>>>
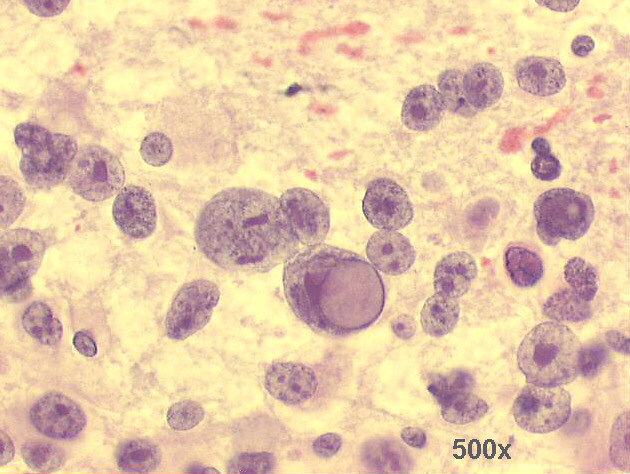Anaplastic cell with large intranuclear vacuole giving the cell a signet ring appearance 500x Pap staining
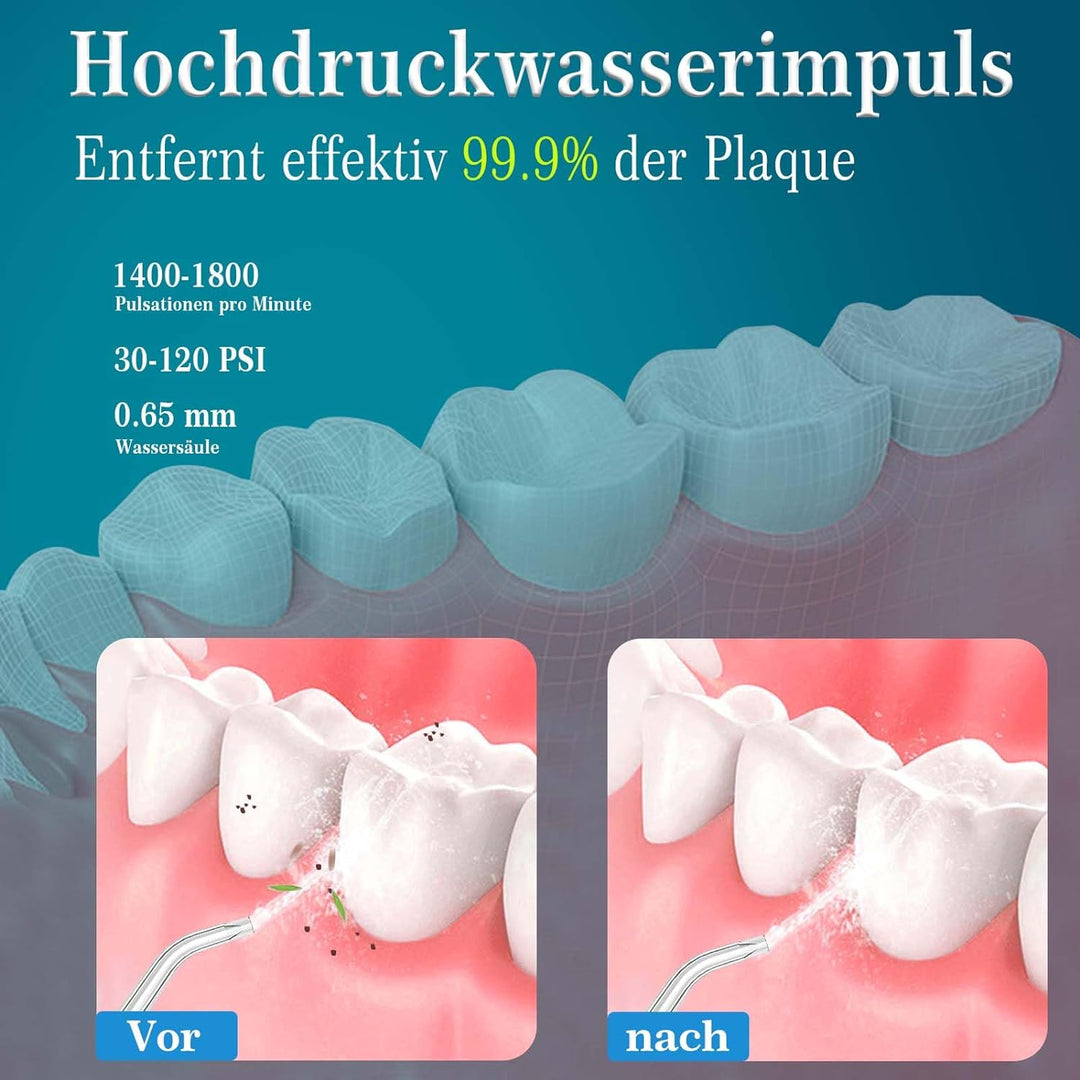 SURFOU Munddusche Kabellos Mundduschen 230ML 5 Modi 7 Düsen, Mundduschen Reise Water Flosser IPX7 Wa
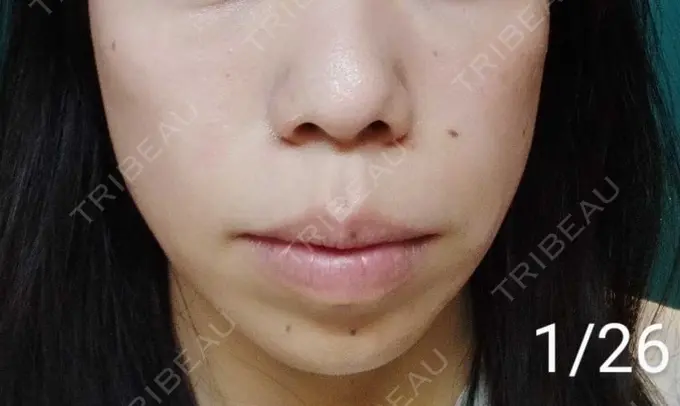 光治療（フォトフェイシャルなど） Wi Clinic（ウィ クリニック） 大宮院 AFTER メイン用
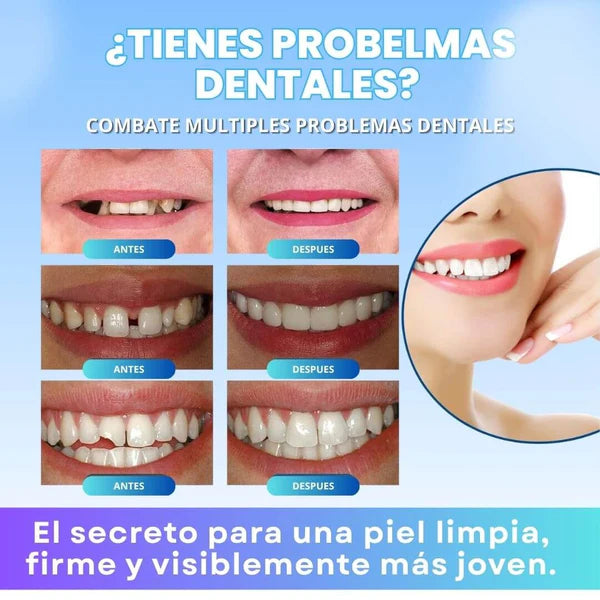 Dientes postizos moldeables (promocion 2x1🎁)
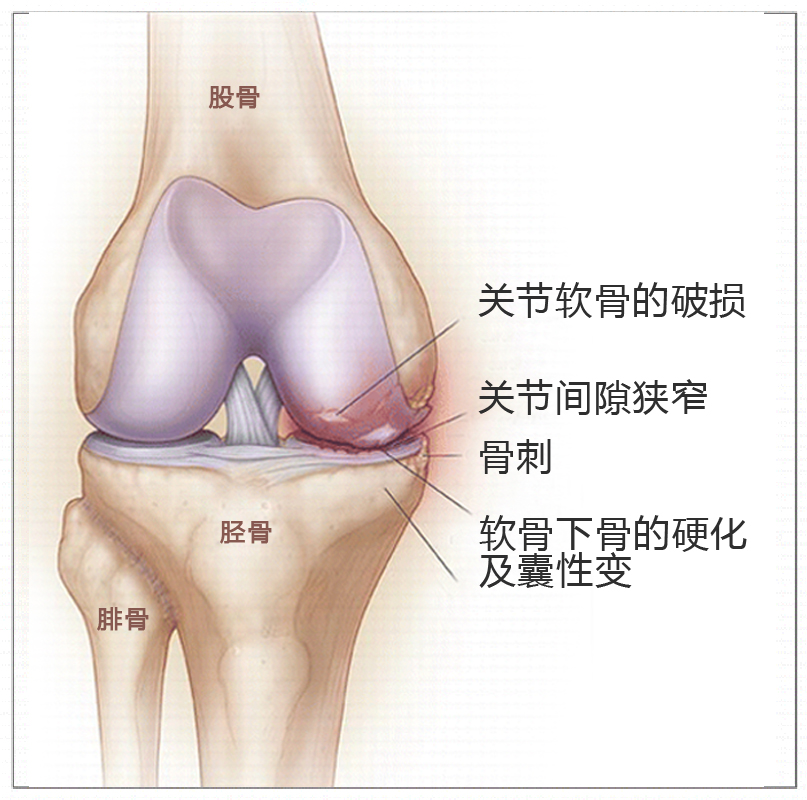 膝骨关节炎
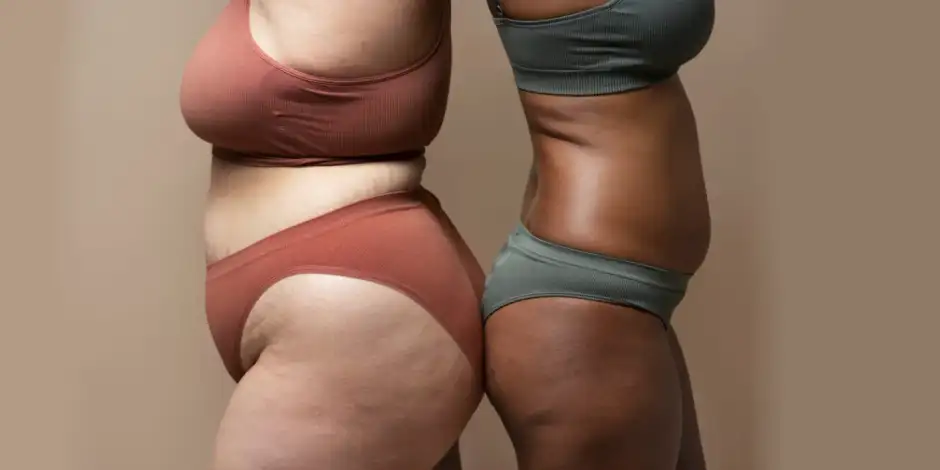 Todo sobre el lipedema: qué es y cómo se trata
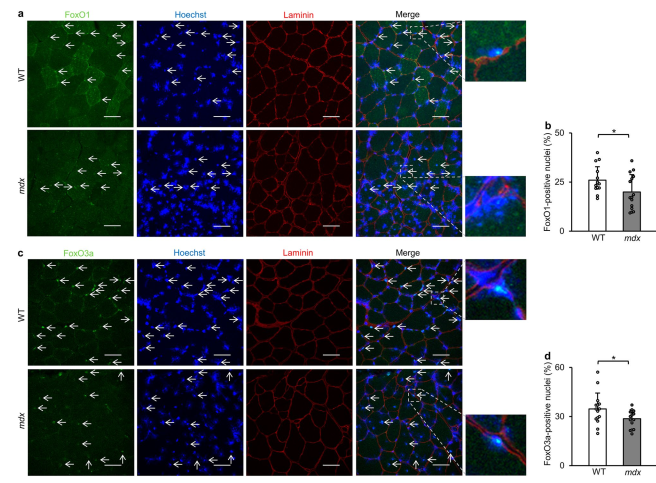 Transcriptional dysregulation of autophagy in the muscle of a mouse model of Duchenne muscular dystrophy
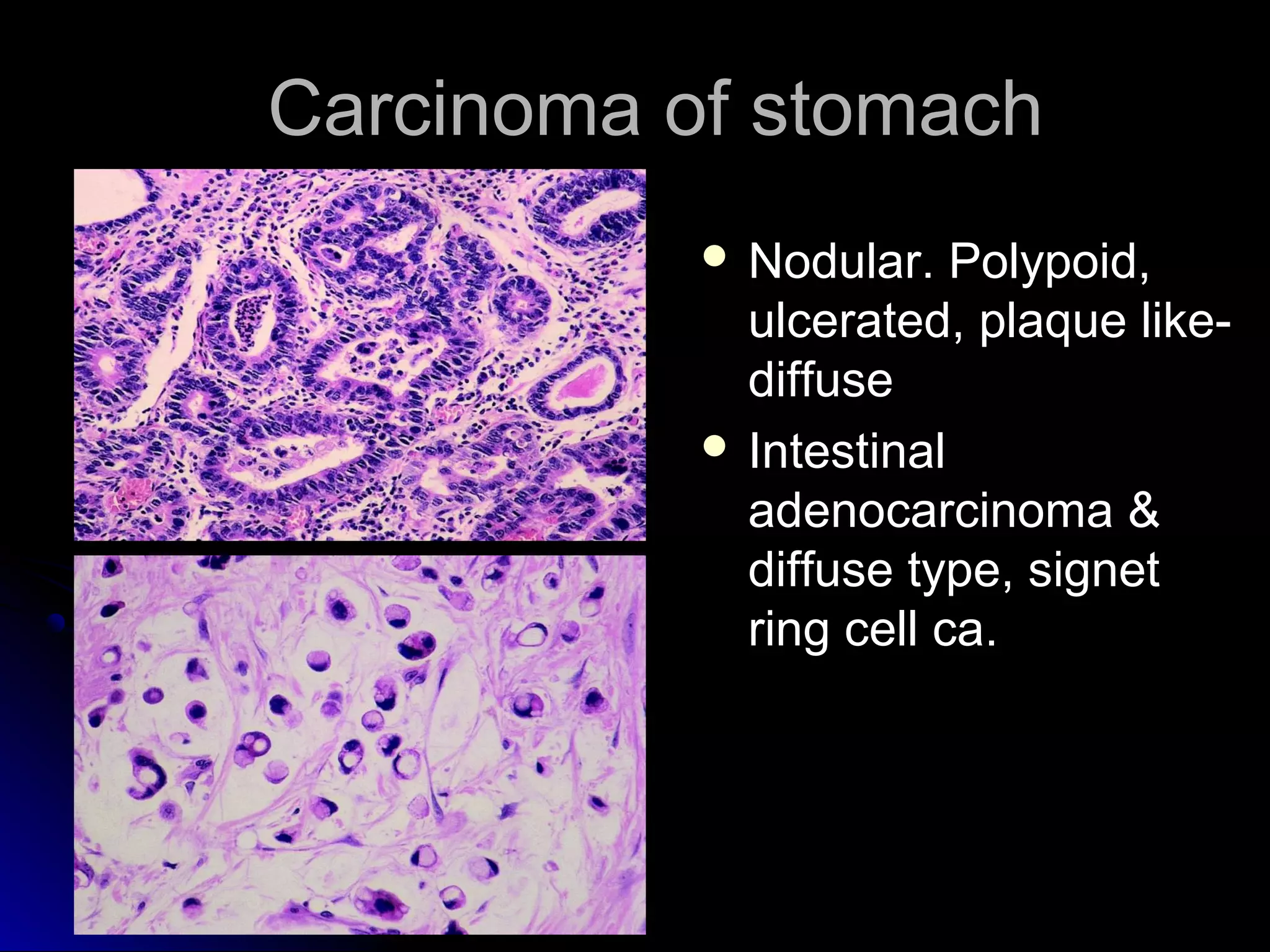Carcinoma of stomachCarcinoma of stomach
 Nodular. Polypoid,Nodular. Polypoid,
ulcerated, plaque like-ulcerated, plaque like-
diffusediffuse
 IntestinalIntestinal
adenocarcinoma &adenocarcinoma &
diffuse type, signetdiffuse type, signet
ring cell ca.ring cell ca.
<<<
Everything above from the line containing "SURFOU Munddusche Kabellos" down to the line containing "Todo sobre el" is to be duplicated exactly, both lines included, and the pictures are to be omitted.

 SURFOU Munddusche Kabellos Mundduschen 230ML 5 Modi 7 Düsen, Mundduschen Reise Water Flosser IPX7 Wa
 光治療（フォトフェイシャルなど） Wi Clinic（ウィ クリニック） 大宮院 AFTER メイン用
 Dientes postizos moldeables (promocion 2x1🎁)
 膝骨关节炎
 Todo sobre el lipedema: qué es y cómo se trata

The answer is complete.